One is that appearance, speech, and knowledge of a person are products of biological systems, which means we might think of converging the two applications in an implementation sense. The other is that we might assume that the behavior of the twin of any system or set of systems might be at least partially determined by AI, specifically by a form of ML.
The first link I cite is the most traditional use of a digital twin of a person. There are two things that digital twin advocates cite as specific applications of interest. The first is problem determination and the second is action forecasting, and you can see how both apply in a medical scenario. You can also likely see that it would be difficult to envision an implementation without AI. You need to be able to take a manageable set of telemetry, meaning symptoms, and apply them to a general model of body behavior in order to assess diagnosis. You need AI even more if you plan to “prescribe” something, and want to see what the effect would be.
This points out a truth about the general model of digital twinning; you need a set of behavioral rules that describe the way the real-world system works, meaning how conditions and results are linked. The knowledge that there’s a high reading here and a low reading there has no value without a context for interpretation, which means behavioral rules. You could presume that these were programmed in for many mechanical-system applications, but surely not for the modeling of anything but the simplest biological system.
Are there risks here? Sure. The problem with medical twinning is the risk of an error harming or killing things, including people. The digital twin notion, in this and related manifestations of the model-reality applications, is promoted to introduce a greater understanding of the real world. That’s not going to develop if the only benefit is abstract “understanding”; there has to be a goal of empowering software to influence the real world. If you think about it, sentient AI (if such a thing is possible) could harbor dark thoughts about us humans, but couple it with a pervasive deployment of digital twins and we’ve introduced the path through which it might turn those thoughts into actions.
How about the Meta notion of creating a digital twin as a virtual “You”? This, as I’ve suggested, might be done to create an avatar to represent you in a metaverse, or in a collaborative session. In these applications, your twin would be linked to you in real time. It would also be possible to give your twin some or even complete autonomy, making it your representative. Think of it as a chatbot with a face, trained to “talk” like you, mimic your expressions, and know what you know. This, of course, collides with the risk of a deepfake, and proves that for anything like this, you’d need some pretty stringent controls if it can get to this point.
Which, clearly, it can, and the risks of abuse with the “Meta model” of digital twin could threaten a whole class of applications. Any metaverse depends on having avatars that behave in a realistic way. In metaverse-like applications like gaming, people regularly choose an avatar that may represent more what they’d like to appear like than what they really are. If, in a hypothetical future metaverse, someone creates an avatar that’s like you, what’s your recourse?

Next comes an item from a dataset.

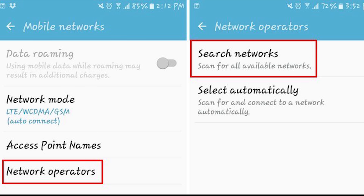If the network operator you're with is not the one that's selected in your Android device settings, you'll definitely get the SIM card error. To make sure you have the right one, go to Settings, Mobile Networks, Network Operators, Search Networks. Once your Android device is done searching and displays the results, tap on your carrier.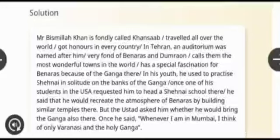He just wanted to stay on the banks of the river Ganga. Once, when his student in the US requested him to establish a shahnai school there and offered to recreate the atmosphere of Banaras by building a similar temple, Ustaz rejected the idea and said, 'Can you bring the Ganga there also?' This shows his deep love for Banaras.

There are issues in all of this. There are, of course, issues in all of what we call “automation”. I’ve occasionally recounted my favorite IT cartoon in past blogs, something that appeared probably more then 50 years ago. It showed a husband, obviously coming from the office and obviously a programmer, tossing his briefcase on the sofa and saying “I made a mistake today that would have taken a thousand mathematicians a hundred years to make!” We shouldn’t allow a risk of bad outcomes to stifle progress to making things better, and digital twins in either of these new missions that twin some aspect of ourselves has the potential for great good. But we also need to accept that there are risks to deal with.
The big difference between the metaverse-twin and the medical-twin may be that the latter’s risks are indirectly addressed by the tried-and-true mechanism of legal action. No company is likely to release a medical twin that’s perhaps going to kill patients, so they’ll test extensively and put in review-and-override safeguards. The metaverse twin? That’s a lot harder to police, and I think we’d better consider how to police it before it starts realizing its potential problems and risks.